┌────────

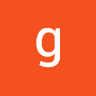 Gbd has's profile picture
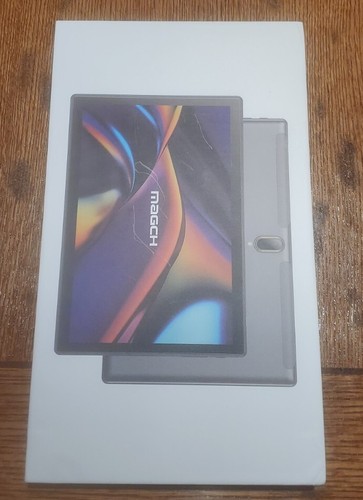 Magch inch android tablet - magch, 10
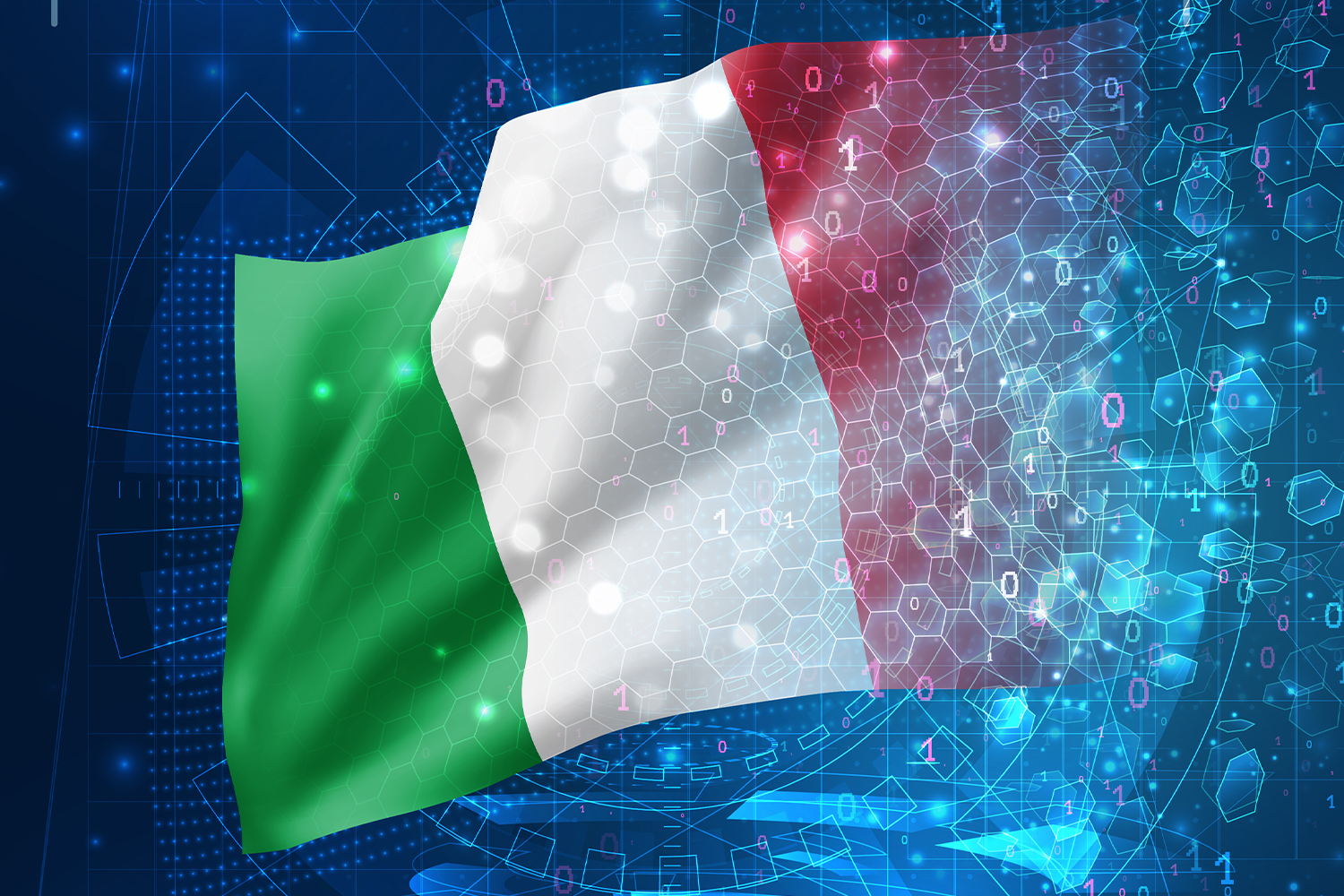 ChatGPT, İtalya'da Geçici Yasak Sonrasında Tekrar Kullanılabilir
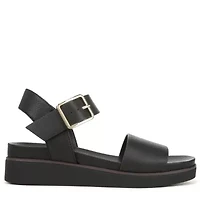 Gillian Sandal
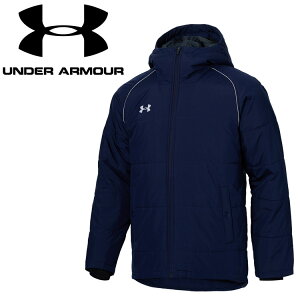 XyVvCX A_[A[}[ UA`[ CT[ebh WPbg 1381848-410 Y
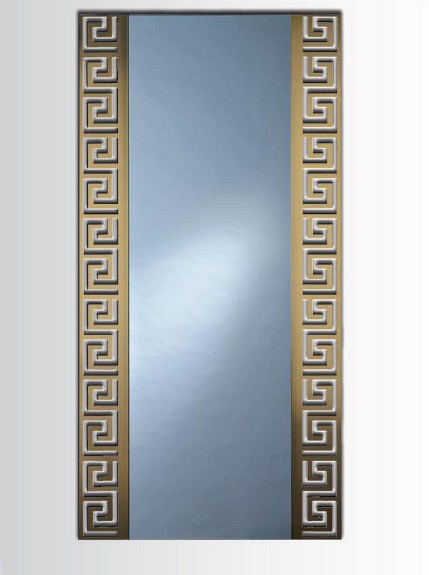050 mirror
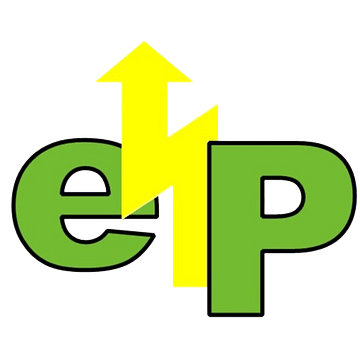 ELEKTRO PIEHLER GmbH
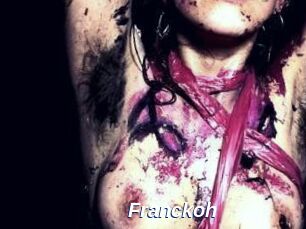 Franckoh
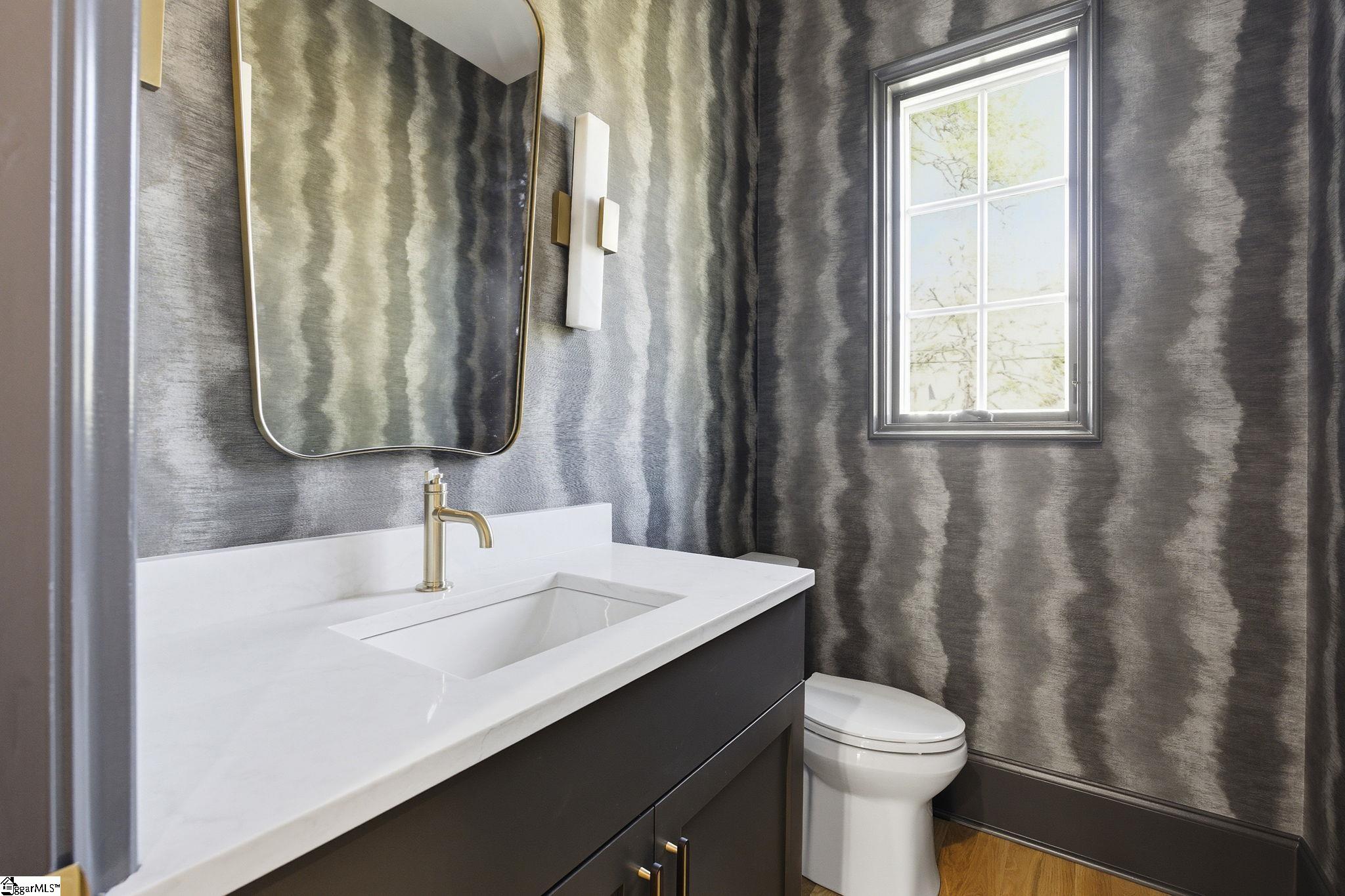 201 Rockwood Drive, Greenville, SC, 29605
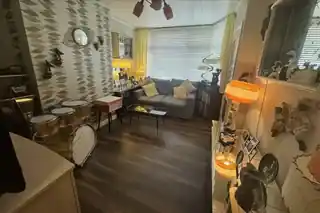 120 Granville Avenue, photo 3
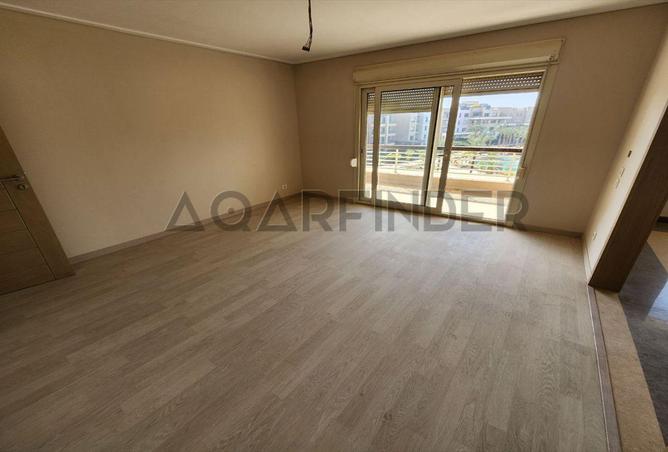 8379074 - Property Image 3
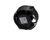 501-190D-01 Beverage Air alternate view 3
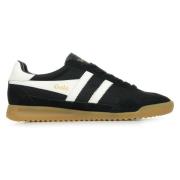 Sneakers Gola Tornado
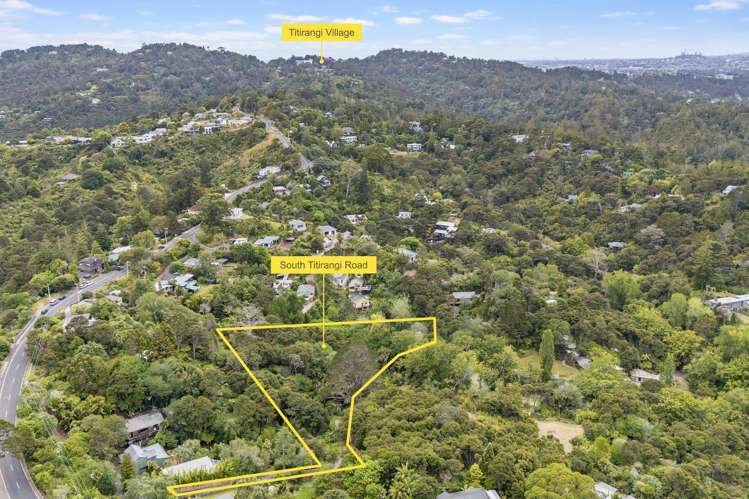 708 South Titirangi Road_1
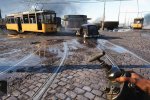 Battlefield 5 Firestorm: in arrivo trailer e data d'uscita, ecco quando - Notizia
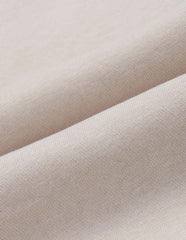 U.S.Polo Kids Boys Pajama Uktrk0265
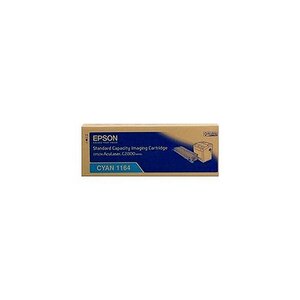 Epson toner cyan s051164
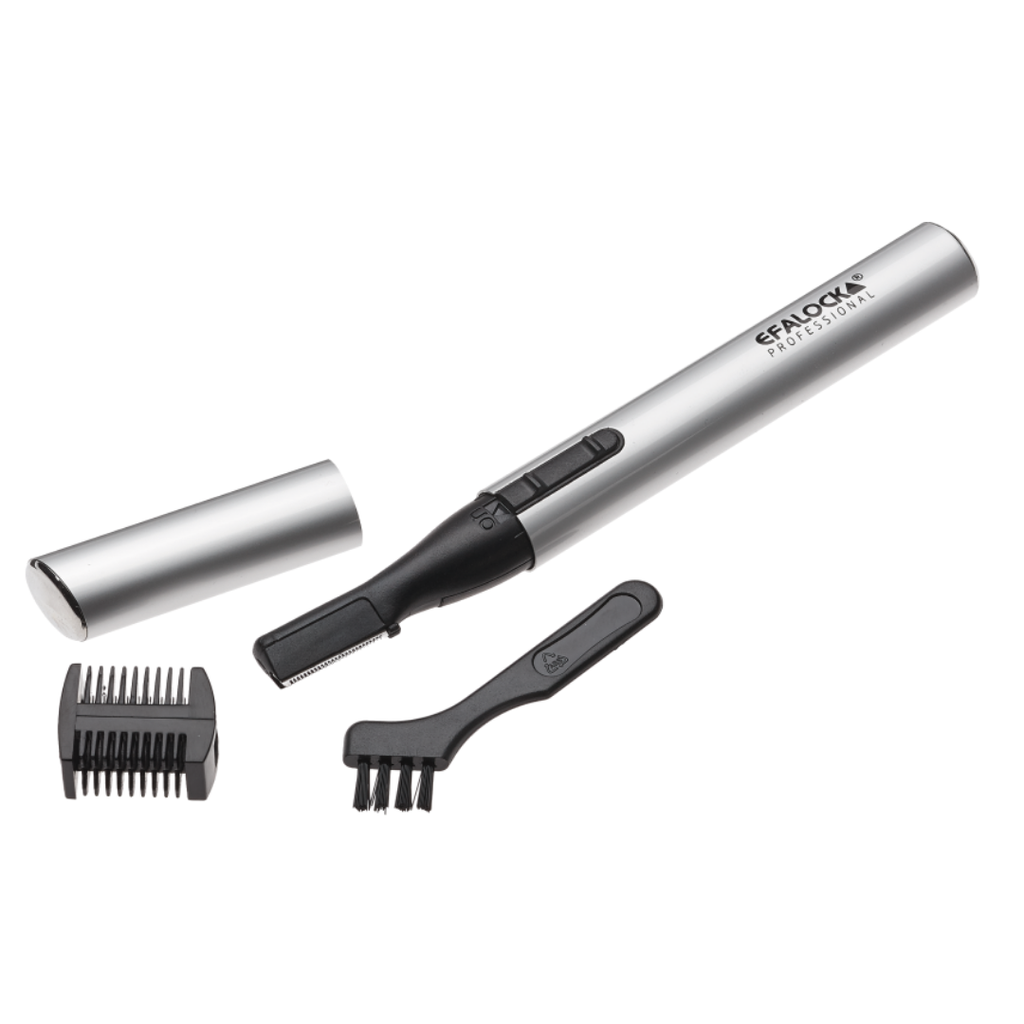 Mini Beauty Trimmer – Efalock MICRORAZOR-Efalock-Kauneustori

└────────

▶ _Assigned task_
From the line with "Sneakers Gola Tornado" through the final line of the data above, copy everything exactly, both ends included, but not the pictures.

▶ _Response to the task_
 Sneakers Gola Tornado
 708 South Titirangi Road_1
 Battlefield 5 Firestorm: in arrivo trailer e data d'uscita, ecco quando - Notizia
 U.S.Polo Kids Boys Pajama Uktrk0265
 Epson toner cyan s051164
 Mini Beauty Trimmer – Efalock MICRORAZOR-Efalock-Kauneustori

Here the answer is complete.